Meet The Author
Amruta Patil and her graphic Re-Interpretation of Mythologies …
Research, reading, imagination and interpretation – these in simultaneity work its way into Amruta’s graphic texts. Possibly her graphic novels explore the narrative desire in the artist in her. It explores mediums of expression through the rich texture of colours, images and words, weaving and interlocking into each other as thought cobwebs from her to the reader and back to her again. A brief meeting with her at Café Fiction in the Rachna Bookstore at Gangtok, was enough to see that Amruta is a live wire of imagination, vivacity, colours which have the power to pierce through the dark shadows which sometimes threaten our life and positive vibrations. Shadows only brighten the light of life, shadows make us realize the vibrancy of colours. As Amruta spoke to us about her creative journey, the image of Manjushree flashing his fiery sword in the midst of travails, just came to my mind. The creative zeal is masculine and feminine. And an artist is androgenous in creation. As Amruta herself confessed: “Let me spell it out then, since we write the stories we need most: A book of cool, unsentimental mothers could NEVER have been succeeded by another book about mothers. It HAD to be succeeded by a book of tormented, sentimental sons. Birth succeeded by death. Water by Fire. Draped, resolved beauty by unclad, terrifying feral.

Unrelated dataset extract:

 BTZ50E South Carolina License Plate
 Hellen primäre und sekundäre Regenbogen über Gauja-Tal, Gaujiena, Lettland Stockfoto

One half of my androgynous hermaphrodite self, locks into the other half, thus. What it has always tried to do, 'Kari' on. Self-portraits everywhere, seeking insight, seeking darshan, seeking resolution.”
The graphic novels by Amruta render a rich symbiotic relationship between image, word and the artist herself. An evocating interpretation of the tenth book of the Mahabharata, based on Shiva-Sati love-myth, Sauptik, has some pearls of wisdom to offer to the readers. The image of the flashing sword comes again, as I read through the images and words:
“Hopeless kings have been served by exemplary men. Children of sages, reveal themselves to be fools … there’s simply no saying, who will birth what.”